South Australians Advised To Be Aware Of Signs With Meningococcal Infection

South Australia Minister for Health Jack Snelling

Meningococcal Warning

Victor P Taffa

SA Health is urging South Australians to be aware of the signs of meningococcal infection, after three people were diagnosed with the disease in the past week.

“With the colder months now upon us, it’s important South Australians know what to look out for with diseases like meningococcal.” Minister for Health Jack Snelling said.

“While it is a rare disease, we have already seen 11 cases this year.”

“I urge parents especially to seek medical assistance if they see any signs or symptoms of meningococcal disease.” Minister for Health Jack Snelling said.

While the infection is most common among children under two years old and people aged between 16 and 25, it can affect anyone at any age.

“So far this year there has been 11 cases of meningococcal infection compared with seven cases at the same time in 2015 and a total of 30 for the year.” Chief Medical Officer for SA Health Professor Paddy Phillips said.

“In the past week one male and two females have fallen ill with the disease, bringing the number of meningococcal infection cases recorded in May to four, almost a third of our total cases.”

There have been 11 cases seen so far this year, ranging from a 1-year-old to a 94-year-old.

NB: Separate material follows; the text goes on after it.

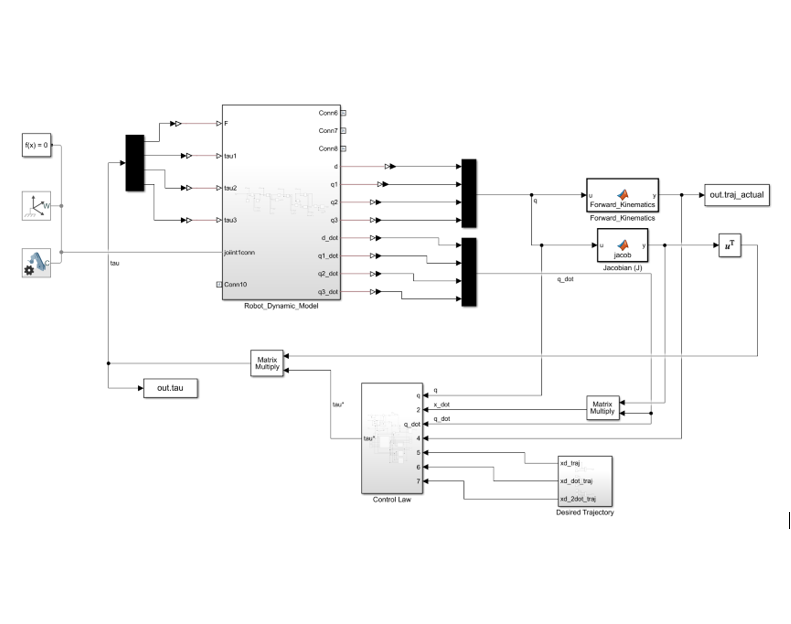 NN based Adpative Controller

“Meningococcal infection is rare, but it becomes more common when there are more respiratory infections around, such as influenza.” Professor Phillips said.

“Symptoms of meningococcal infection may include fever, headache, vomiting, stiff neck and sore muscles, followed in some cases by a rash of red and purple spots.”

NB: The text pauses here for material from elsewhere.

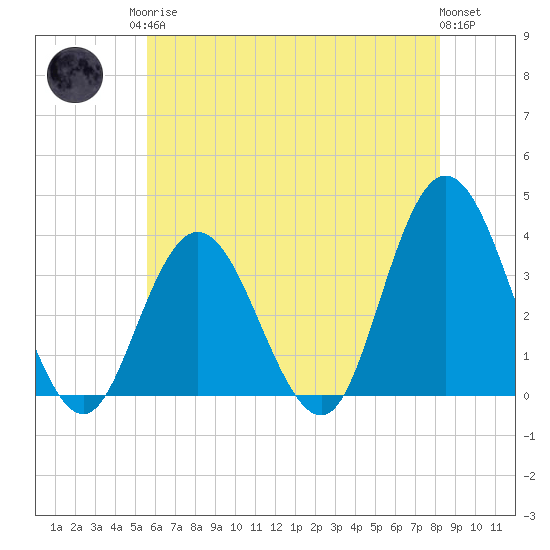 Tide chart for Stites Sound on 2025/05/26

“Babies or young children with meningococcal infection may also be irritable, refuse feeds or be difficult to wake.” Professor Phillips said.

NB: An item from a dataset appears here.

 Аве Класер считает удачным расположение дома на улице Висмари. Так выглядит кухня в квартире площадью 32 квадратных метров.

The meningococcus bacteria are carried around in the nose and throat of around 10 % of the population, but are usually harmless.

The bacteria are spread from person to person through close contact and in some situations people can develop invasive meningococcal disease which can cause meningitis and bloodstream infections.

When a case of meningococcal infection is reported, SA Health will identify people who may have been in contact with the patient to provide them information about what symptoms to look out for.

People who may be particularly at risk will be given antibiotic chemoprophylaxis as a preventative measure.

The meningococcal C vaccine is available through the National Immunisation Program, while the meningococcal B vaccine is available from GPs.